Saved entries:
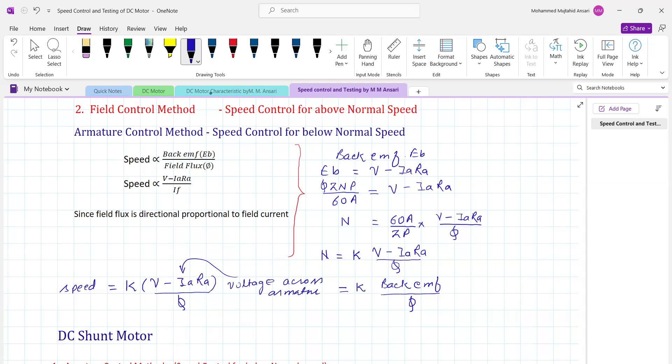Flux is inversely proportional to speed. If we increase the resistance in the field winding, we can decrease the field current. For a DC shunt motor at rated voltage, it is not possible to increase the field current — we can only decrease it. Therefore, the field control method or flux control method is applicable for speed above normal value.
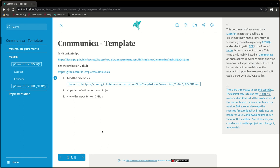There are three ways to use this template. The easiest way is to use the import statement and the URL of the raw text file of the master branch or any other branch or version. But you can also copy the required functionality directly into the header of your markdown document. And of course, you could also clone this project and change it as you wish.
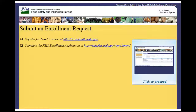Welcome to the Public Health Information System. In this demonstration, you will learn how to submit an enrollment request. The enrollment request process involves two steps: registration at eAuth and enrollment in the PHIS system. I'll guide you through the steps of accomplishing this task.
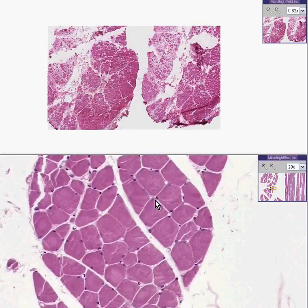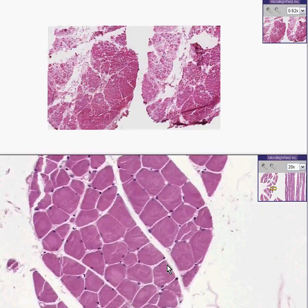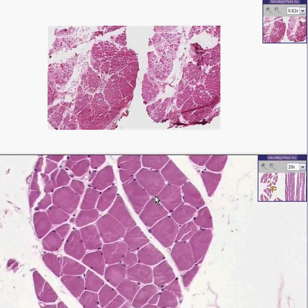Here at the bottom we have absolutely normal skeletal muscle fibers. These are cut in cross sections — that's why they look round rather than like logs. Notice they are uniform in general staining and generally about the same size with respect to each other. They are separated by small bands of connective tissue here and there, but the fibers themselves are not replaced by fat or connective tissue in any way. Like classical skeletal muscle, you can see that the nuclei are oriented at the periphery.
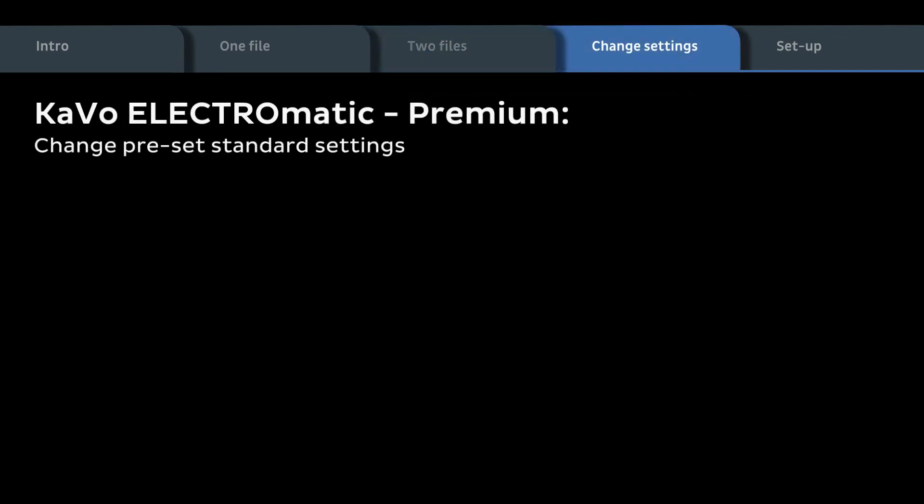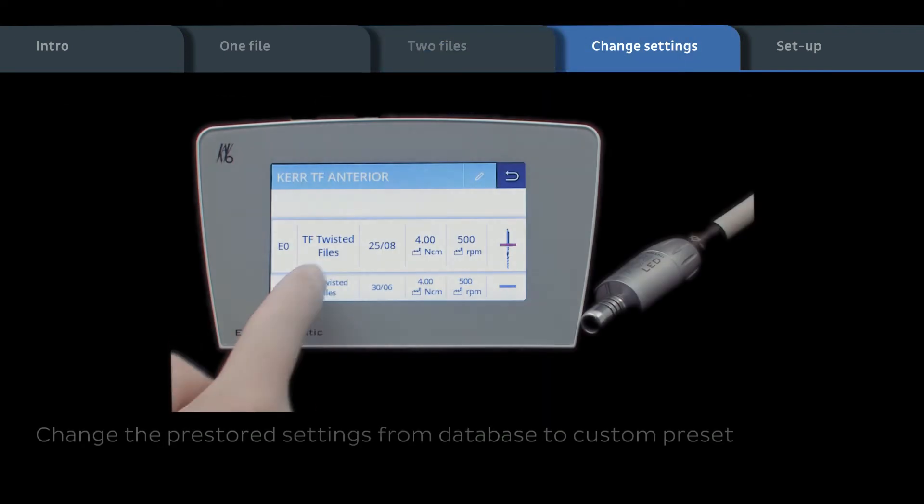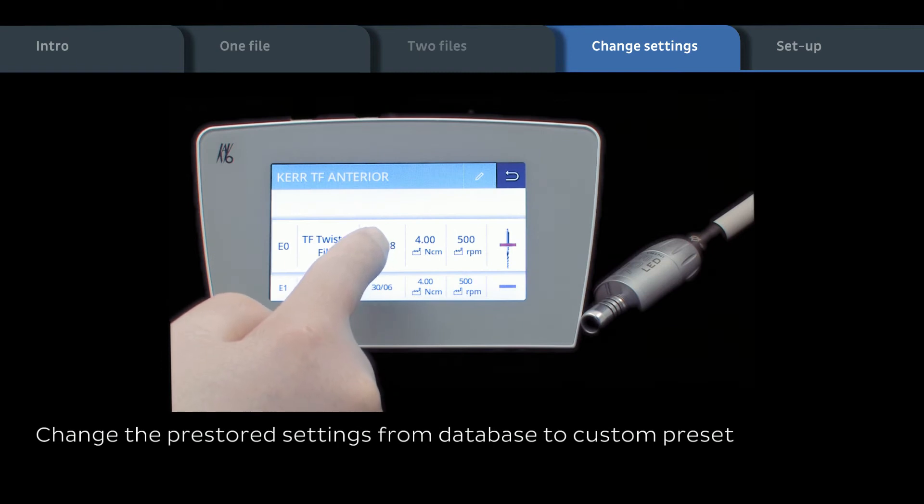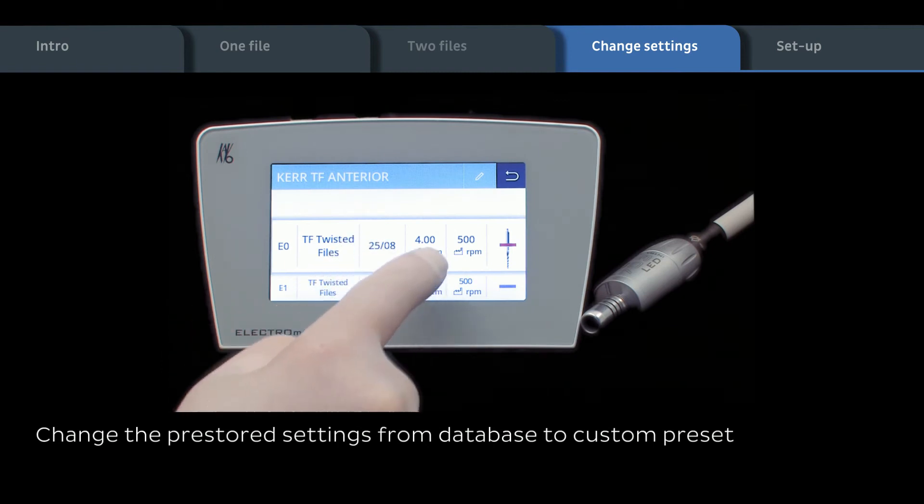Change preset standard settings. General change of preset settings only in the file menu.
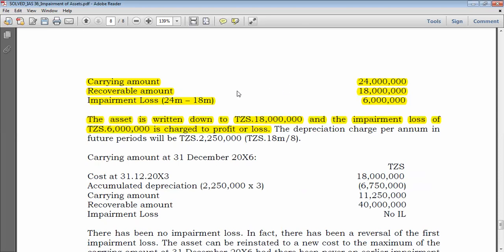After the impairment review, the new carrying amount of 18 million becomes the new deemed cost. We continue depreciating based on the remaining years: 10 years minus 2 years elapsed = 8 years remaining. New depreciation per annum = 18 million ÷ 8 = 2.25 million per year. So the revised annual depreciation charge going forward is 2.25 million.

EXERCISE GOAL :: Give the records again exactly as they stand, so that only the pictures are missing.

TASK RESULT ::
Flux is inversely proportional to speed. If we increase the resistance in the field winding, we can decrease the field current. For a DC shunt motor at rated voltage, it is not possible to increase the field current — we can only decrease it. Therefore, the field control method or flux control method is applicable for speed above normal value.
There are three ways to use this template. The easiest way is to use the import statement and the URL of the raw text file of the master branch or any other branch or version. But you can also copy the required functionality directly into the header of your markdown document. And of course, you could also clone this project and change it as you wish.
Welcome to the Public Health Information System. In this demonstration, you will learn how to submit an enrollment request. The enrollment request process involves two steps: registration at eAuth and enrollment in the PHIS system. I'll guide you through the steps of accomplishing this task.
Here at the bottom we have absolutely normal skeletal muscle fibers. These are cut in cross sections — that's why they look round rather than like logs. Notice they are uniform in general staining and generally about the same size with respect to each other. They are separated by small bands of connective tissue here and there, but the fibers themselves are not replaced by fat or connective tissue in any way. Like classical skeletal muscle, you can see that the nuclei are oriented at the periphery.
Change preset standard settings. General change of preset settings only in the file menu.
After the impairment review, the new carrying amount of 18 million becomes the new deemed cost. We continue depreciating based on the remaining years: 10 years minus 2 years elapsed = 8 years remaining. New depreciation per annum = 18 million ÷ 8 = 2.25 million per year. So the revised annual depreciation charge going forward is 2.25 million.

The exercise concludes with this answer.